11-24-2014 10:39 PM
Hi,
Im doing project in sound source localization. I have started
with finding the time delay between the 2 microphones using cross correlation.
I have done by giving a simulated signal first. The problem which im facing is
, if i give a floating point value like 0.05 as a delay im not able to get the
output delay the same. But it works well for real numbers. can u plz help.
11-25-2014 03:31 AM - edited 11-25-2014 03:37 AM
You wire a value of 0.05 to an integer and expect that to result in what? 50? 5000?
Obviously, you have to dig a little deeper in frequency basics like phaseshifting, time vs. samples. vs. frequency and computational constraints (data types like integer vs. floating point).
If you are going to hardware later on:
You should use dynamic signal acquisition devices (DSA) for audio acquisition and you require high accuracy of synchronization. Did you already thought about this?
Norbert
EDIT: Please leave text in default color. Your front panel is close to useless as labels are not readable (bad contrast). Also updated link for synchronization to a better white paper.
11-25-2014 04:13 AM
Thanks for the reply . I wire a 0.05 and i should get 0.05 as output.. Im not able to analyse what mistake i have done.
My next question was the same. How to acquire 2 signals simultaneously. tHank u for the pre-answer. I have a PXI with 1 GRAS microphone and one USB microphne.. Is it possible to acquire signal at the same time?
11-25-2014 04:46 AM
You add SAMPLES as offset (phase shift) to your signals. As there is no fractional number of SAMPLES, you see no shift when adding 0.05.

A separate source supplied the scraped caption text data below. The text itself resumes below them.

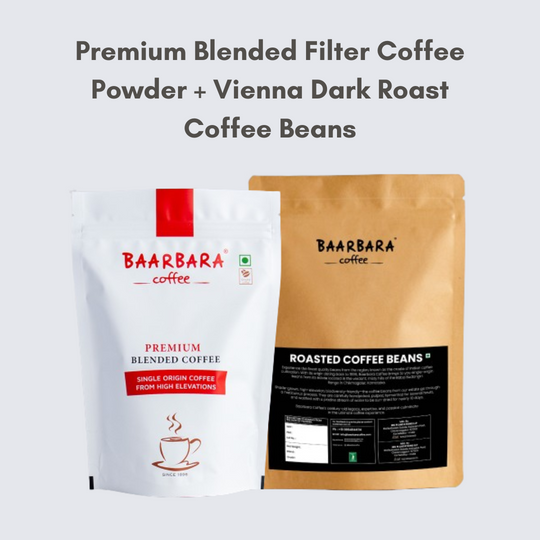 Baarbara Coffee's Premium Blended Filter Coffee Powder + Vienna Dark Roasted Coffee Beans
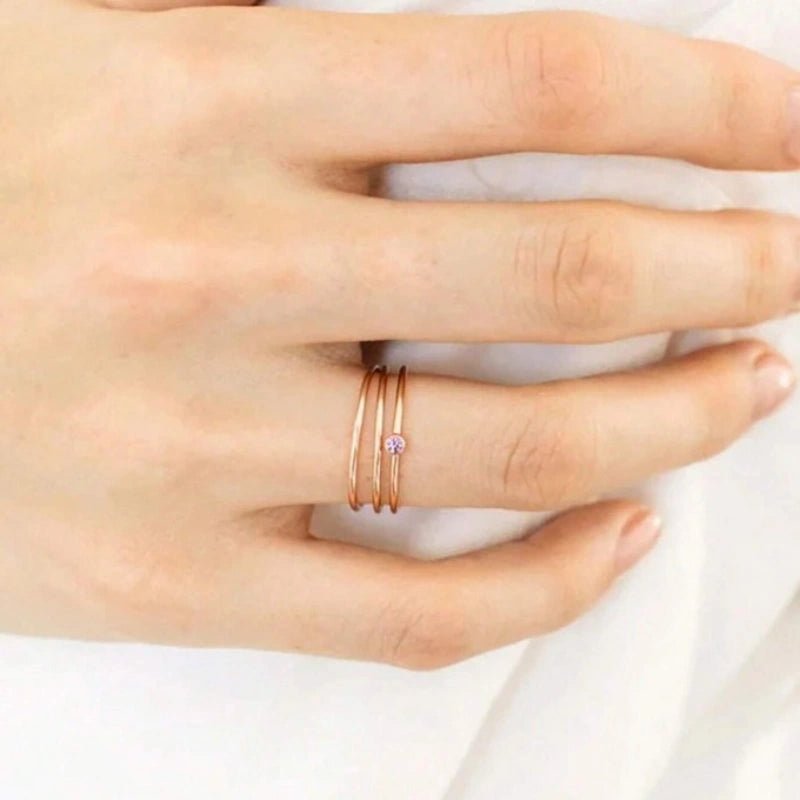 Gepersonaliseerde Klassieke Ring Voor Vrouwen Met Geboortesteen - CustomLove.nl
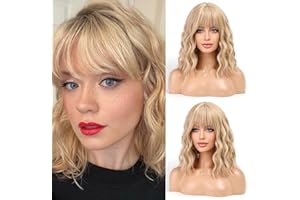 WOKESTAR Peruki Boba ze Staranną Grzywką, Kręcone Faliste Syntetyczne Peruki dla Kobiet Kolor Blond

You have to compute the number of SAMPLES your TIME 0.05s represent. This is depending on the SAMPLING SPEED (aka sample frequency) which you configured for simulate signal in your VI.
I doubt that you can synchronize your microphones as you don't know the delays of the sound devices and the driver for those. This can be several us up to easily more than 100ms. Taking speed of sound into account, there is an inherent (and unknown) inaccuracy of easily more than 30 m in your measurement. Depending on the desired accuracy, you require highly synchronized data aquisition including same wire lenght!
I think you can find this reference architecture very intersting!
Norbert
11-27-2014 03:36 AM
This white paper is really interesting.. thank u so much.